We hope this album comes off as a clear invitation for the listener to join us into another dimension, to a utopia of which we ourselves do not fully know the contours.

Also, getting a little political here, it is quite obvious that the way music is valued in comparison to other art forms today is problematic. Nobody would steal a book, walk openly into the theatre without a ticket, or expect to get unlimited private access to Sofia Coppola’s latest film on the day of its first showing.

So, something drastic happened when music transitioned from having a physical place in the world to floating out of your mobile phone whenever you want it to.

Art can be a way of dealing with the big topics in life: Life, loss, death, love, pain, and many more. In which way and on which occasions has music – both your own or that of others - contributed to your understanding of these questions?

There is a sudden feeling of unity which can appear when listening to a piece of music in a state of deep concentration - a sensation, which can make you feel less lonely, simply because your emotions and experiences are mirrored.

It almost goes without saying that this sensation appears in other fields as well; reading a book and a certain line hits you with all of its intensity, watching a choreography and one specific movement, how the dancer stretches out an arm, overwhelms you completely, or fixing your gaze at a certain facial expression depicted in a painting in an art gallery and you happen to see yourself.
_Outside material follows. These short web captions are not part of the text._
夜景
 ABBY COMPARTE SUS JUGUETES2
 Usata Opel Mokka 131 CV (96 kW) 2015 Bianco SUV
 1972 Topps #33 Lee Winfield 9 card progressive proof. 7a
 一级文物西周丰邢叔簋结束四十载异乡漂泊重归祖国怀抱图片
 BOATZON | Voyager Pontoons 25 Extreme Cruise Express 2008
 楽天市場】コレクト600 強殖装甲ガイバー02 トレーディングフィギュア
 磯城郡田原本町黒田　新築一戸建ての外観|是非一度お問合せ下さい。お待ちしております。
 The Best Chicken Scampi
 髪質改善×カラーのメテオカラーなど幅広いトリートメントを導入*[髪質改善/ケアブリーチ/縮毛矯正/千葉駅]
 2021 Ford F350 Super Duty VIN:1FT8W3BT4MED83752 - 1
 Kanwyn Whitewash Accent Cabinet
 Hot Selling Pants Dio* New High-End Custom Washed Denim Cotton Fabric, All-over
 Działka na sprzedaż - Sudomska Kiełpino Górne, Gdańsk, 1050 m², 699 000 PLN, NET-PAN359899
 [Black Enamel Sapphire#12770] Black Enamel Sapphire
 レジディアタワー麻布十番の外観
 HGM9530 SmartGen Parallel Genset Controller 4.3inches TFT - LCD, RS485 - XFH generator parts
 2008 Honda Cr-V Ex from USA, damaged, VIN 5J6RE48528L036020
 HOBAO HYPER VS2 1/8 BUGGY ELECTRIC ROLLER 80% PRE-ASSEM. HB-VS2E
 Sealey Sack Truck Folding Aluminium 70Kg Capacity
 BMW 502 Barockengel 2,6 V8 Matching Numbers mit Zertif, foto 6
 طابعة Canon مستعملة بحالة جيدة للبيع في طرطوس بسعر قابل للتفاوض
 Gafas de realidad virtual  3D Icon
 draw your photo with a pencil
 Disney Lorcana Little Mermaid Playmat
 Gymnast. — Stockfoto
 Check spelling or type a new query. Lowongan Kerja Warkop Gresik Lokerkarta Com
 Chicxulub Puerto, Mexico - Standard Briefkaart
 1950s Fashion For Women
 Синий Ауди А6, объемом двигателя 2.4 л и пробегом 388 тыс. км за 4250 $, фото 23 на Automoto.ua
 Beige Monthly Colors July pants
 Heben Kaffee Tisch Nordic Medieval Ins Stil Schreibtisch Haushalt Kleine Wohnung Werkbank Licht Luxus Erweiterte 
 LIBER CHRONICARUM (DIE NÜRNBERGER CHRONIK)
There seems to be increasing interest in a functional, “rational” and scientific approach to music. How do you see the connection between music and science and what can these two fields reveal about each other?  

Working with art can be a way of processing science and new scientific advancements as an individual. Within our group, for instance, the frustrating apathy connected to issues regarding the climate crisis has been an important source of inspiration.

Artists of all kinds are able to suggest a somewhat sensory entry to a certain scientific topic, which for some may work as an easier entry into understanding it.

Creativity can reach many different corners of our lives. Do you feel as though writing or performing a piece of music is inherently different from something like making a great cup of coffee? What do you express through music that you couldn't or wouldn't in more 'mundane' tasks?

Like mentioned above, art is - among other things - communication. What we try to do with our music is we try to reach out, suggest other mindsets or ways of living. Music happens to be the language we have learnt and refined in order to express ourselves as best we can.

Playing a string instrument even allows you to express complexity without suggesting any verbal solution or neglection of the massiveness of the topic.

Music is vibration in the air, captured by our ear drums. From your perspective as a creator and listener, do you have an explanation how it able to transmit such diverse and potentially deep messages?

Again, music is a way of communicating. Sounds speak directly and beyond words, geographical and cultural borders via frequencies you were already exposed to in the womb - some fetuses move energetically when they recognise music or sounds from the outside world.

Of course scientists continually dive deeper and deeper into this subject, hence are able to give us even better and more precise explanations for what is physically going on. But isn’t it somewhat lovely that there some things with regards to how art, in this case music and sound, is perceived, that we cannot fully comprehend?